If the data type is enumeration, then there is a controlled vocabulary linked to that field

• ControlledVocabulary: This is a compound element providing the description of the controlled vocabulary

◦ VocabularyElementID: element identifier of a unique element of the controlled vocabulary

◦ VocabularyElementDescription: description of the element

◦ OntologyTerm: element identifier is a compound field consisting of several sub-elements. For their description see above.

■ OntologyTermName

■ OntologyTermDescription

■ OntologyName

■ OntologyTermID

■ OntologyTermURL

■ OntologyTermQuality

We can therefore describe the elements of the metadata-metadata in the same terms as well, albeit that these may contain different elements depending on the schema. In the end we can describe the elements of the metadata-metadata-metadata in terms of themselves which then becomes the basis for the description of any metadata schema.

This is a standardized approach to describing metadata, in other words a standard metadata of metadata (data dictionaries). Because it can describe any metadata field in a standardized way, the schema is both flexible and standardized.

Self-Describing Metadata

So, at the highest level of abstraction, we have a metadata schema that describes itself. We can use this schema to describe any metadata of metadata schemas that may contain additional elements. It is more intuitive and more self-contained than for instance the RDF schema (Dan Brickley and Guha, 2014). Besides describing the OIMS metadata schema, the self-describing OIMS schema can also be used to describe any other metadata schema. Besides describing already existing data dictionaries, OIMS can be used to describe for instance data entities and their relationships as well as ETL procedures.

In addition to the eight attribute attributes there is one more that we use, namely the attribute “//” in our JSON files which we use as a comment. This allows us to add user friendly information that is not needed by a machine parsing the metadata file.

For ontology terms we have mostly used the very complete and comprehensive NCI Thesaurus OBO Edition (http://www.obofoundry.org/ontology/ncit.html) accessed through the EMBL-EBI ontology look-up service (https://www.ebi.ac.uk/ols/index). In the OIMS approach multiple ontology terms can be attached to an attribute and this is expected to happen in next versions.
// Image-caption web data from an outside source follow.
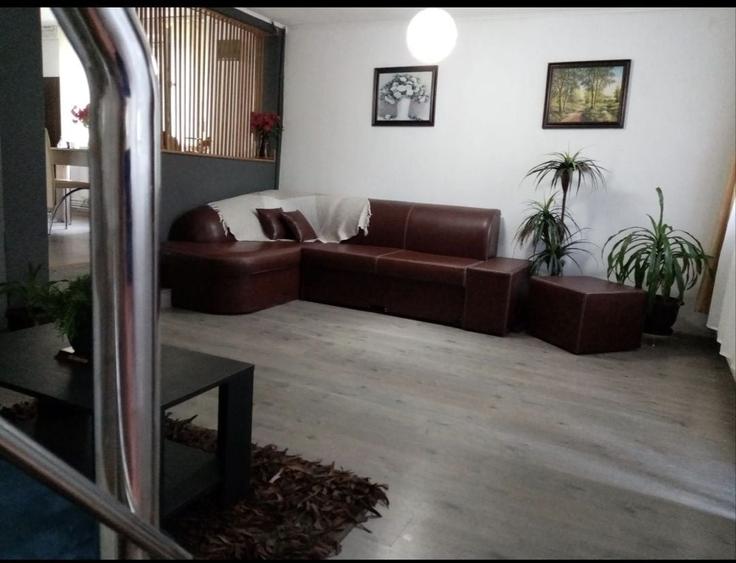 Casă cu 4 camere în Prundu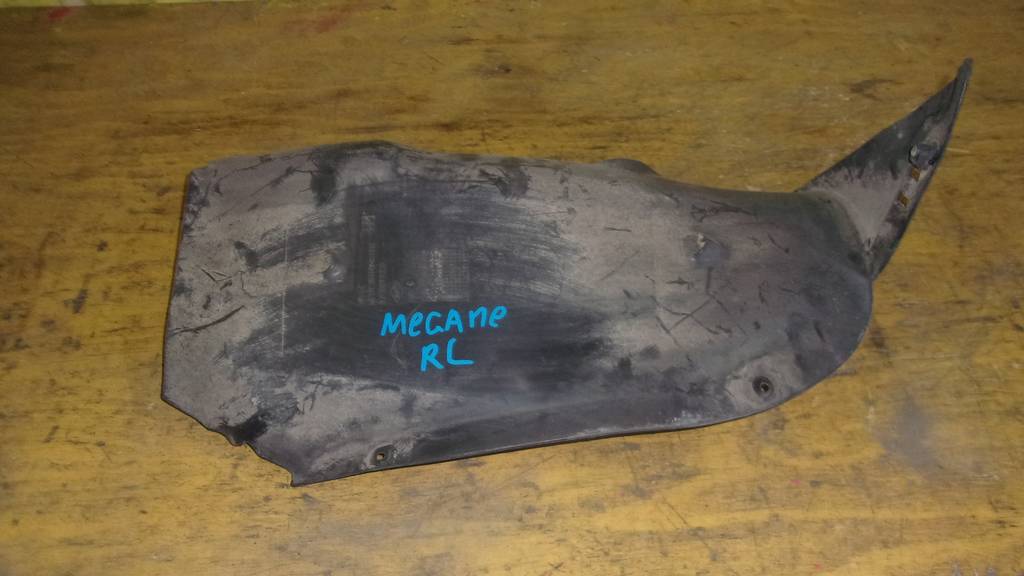 подкрылок Renault Megane
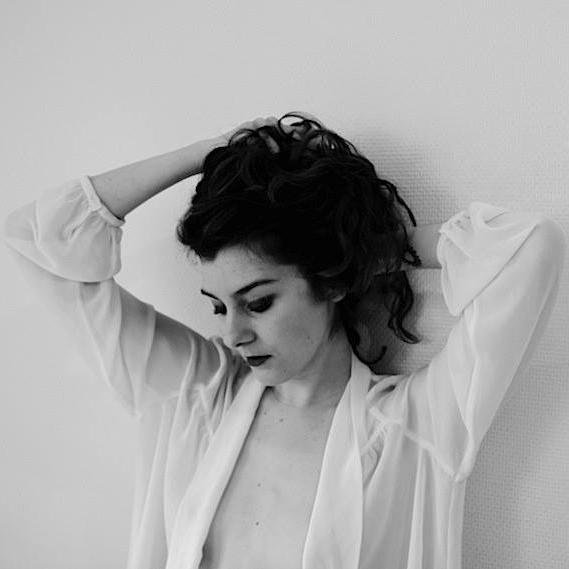Director - Actress / Réalisatrice - Actrice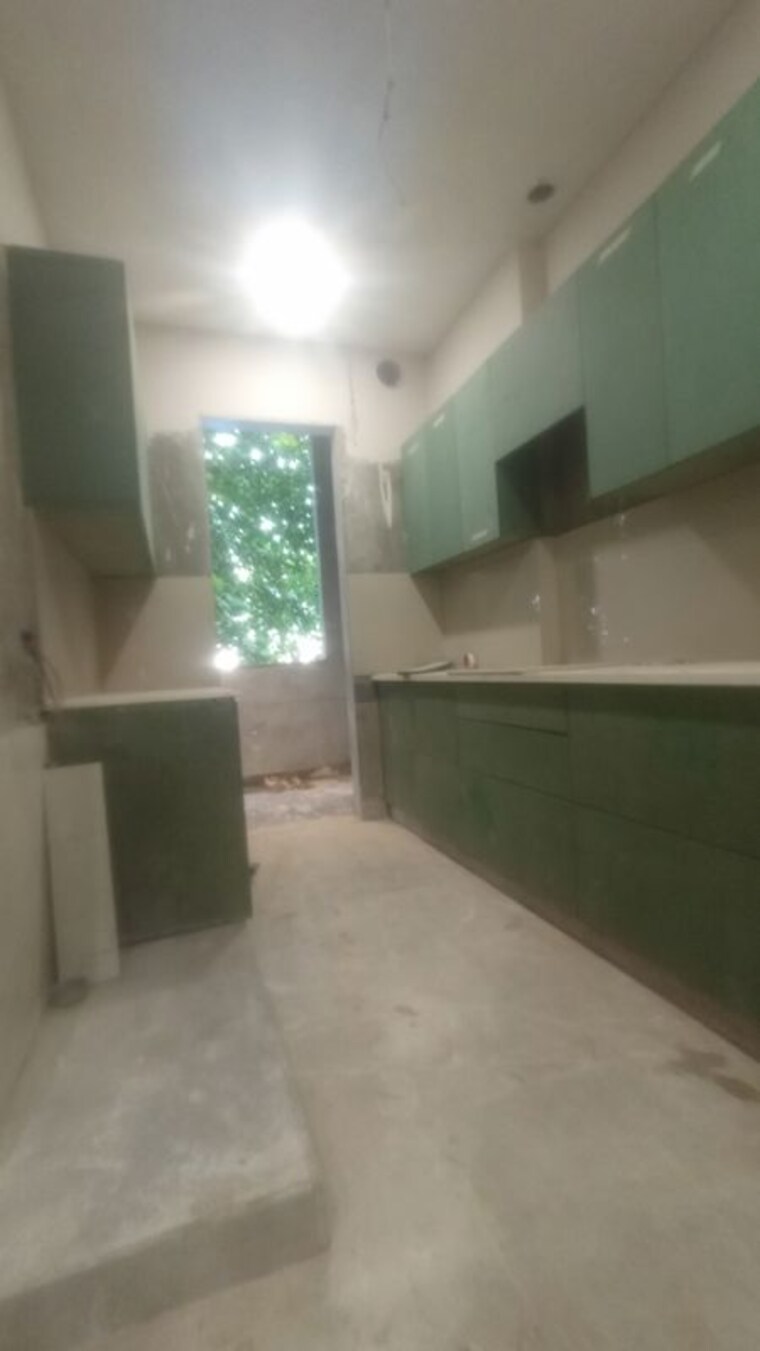 Kitchen, paschim vihar 3 Bedroom 150 Sq.Yd. Builder Floor In Paschim Vihar Delhi 10600782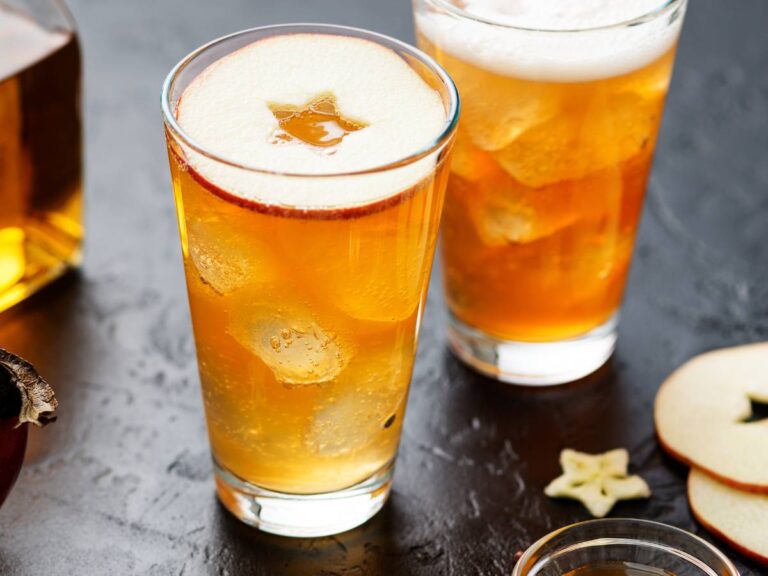 Dwie szklanki z whisky z miodem. Obrazek w artykule Whisky z miodem. Połączenie smaków, które warto stosować w drinkach z miodem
In the next subsections we provide a description of each of the elements of the self-describing metadata schema. For the description of the schema in JSON format, see the Supplementary Material: “data sheet 1.docx.” In Figure 2 we see a schematic diagram of the self-describing metadata schema.

FIGURE 2

Figure 2. Diagram of the self-describing metadata schema.

The description of the self-describing metadata is purposely done in a way that closely resembles the structured format underlying the schema instead of a more narrative-like approach. The importance is to provide the definitions of all the elements as highlighted in Figure 2.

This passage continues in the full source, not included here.